Two months after graduation, a friend came visiting me from New York, bearing gifts from another friend – an apparently dead AMD Athlon64, motherboard and an ATI Radeon 9800. Some amount of twiddling later I figured out that it was a bad capacitor on the motherboard, but I had neither the tools nor the soldering skills to replace the component. Instead, two years after I got it, I passed it on to a colleague at work who was studying for his CCNA, and told him how to repair it.
Of course, in the interim, I had acquired quite a collection of hardware from various sources; mixing and matching produced my current home server from spare parts, and a half-done photo-frame PC. Other parts have made my home network, allowed me to fix nearly a half-dozen laptops for friends and relatives and so on. But I still have a ridiculous number of parts from all sources, ranging from the useful-by-itself (a dual-core Athlon64 x2 HP Slimline with a bad 6150 that will become my and my flatmate’s DVR after the digital transition is done and we rid ourselves of cable) to the what-do-I-do-with-this (a Mini-ITX board with a soldered down ULV 600MHz Celeron that served as a firewall). I’ve tried selling a number of these things, but in this economy, no one’s buying, and those things that I’m willing to give away, people don’t see enough value in coming to pick up.

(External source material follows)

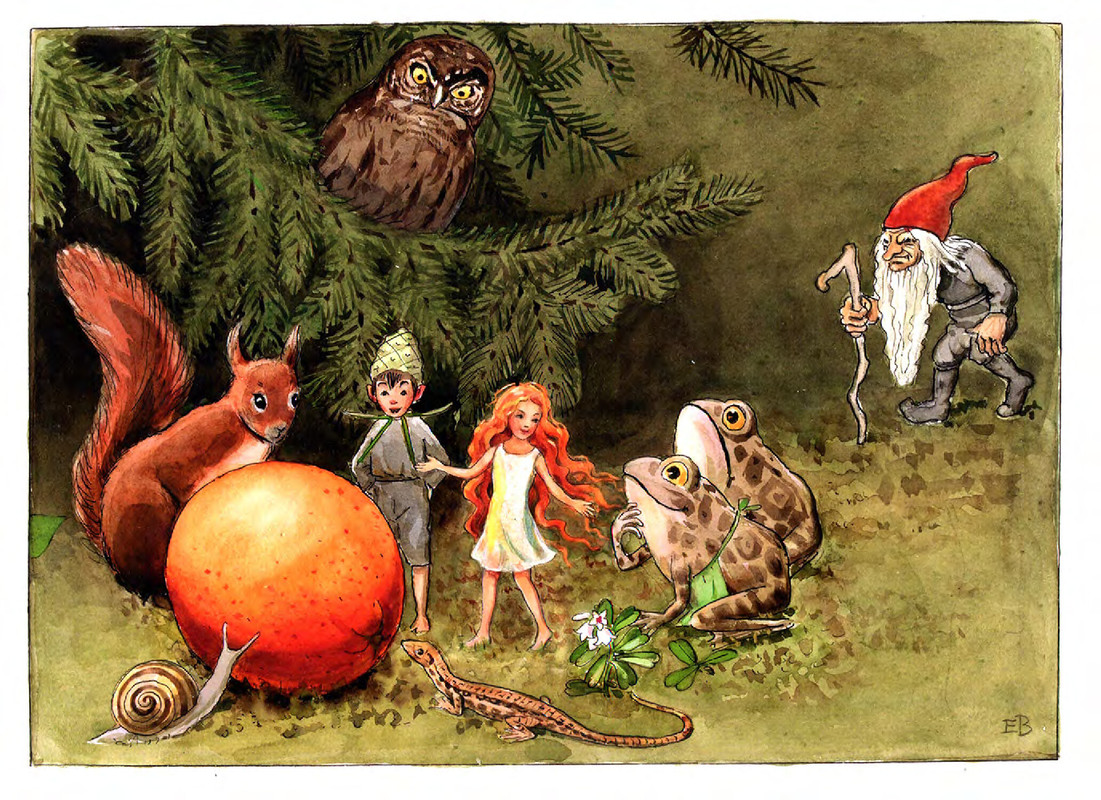 Солнечное яйцо - 2012-14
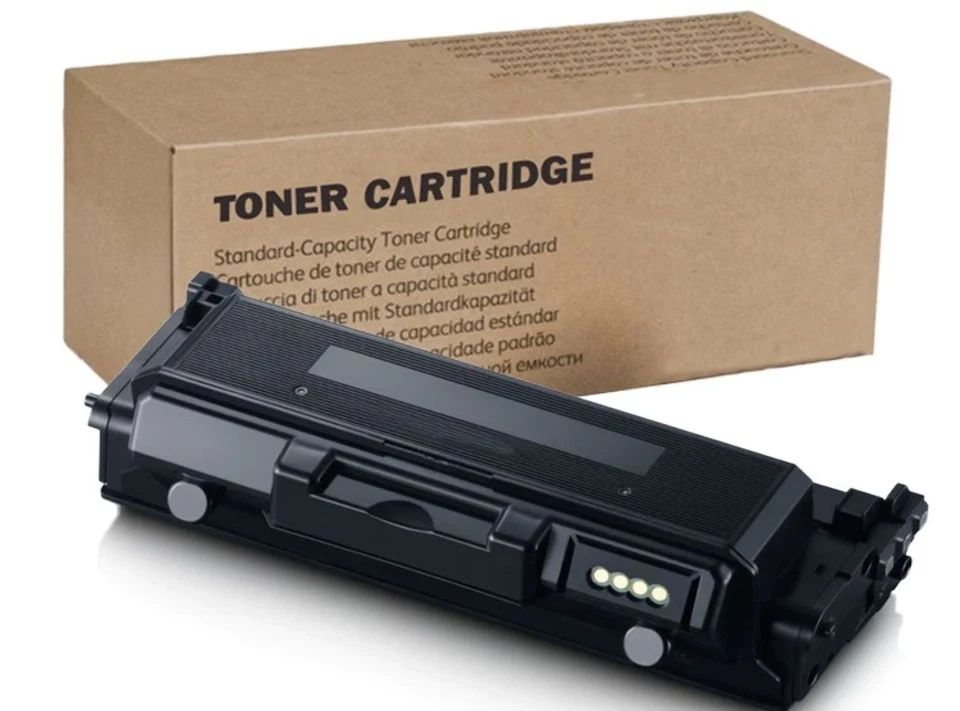 TONER 3330H NOIR COMPATIBLE POUR XEROX Phaser 3330 WC 3335 3345 106R03624 CAPACI - Photo 1/1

Most recently, two days ago, I resurrected my flatmate’s “obsolete” HP machine and made it a dedicated encoder machine – it sits and converts media from useless formats to useful ones. Sure, it’s slow, but I can’t help but feel bad about tossing a 5 year old, 2.0GHz AMD Athlon64, 400GB of hard drive space and a gigabyte of RAM. I’m still not sure what to do with the little Mini-ITX motherboard; any suggestions? What about a 1.6GHz Pentium 4M laptop? What about a 1.42GHz G4 Mac Mini? So far, I’ve thought of an Asterisk server (don’t really need it), a development box (for what?), and a bedside computer (though I have a netbook) respectively for each of those. Or maybe I should send the Mac Mini to Nevada, and give the laptop to my parents?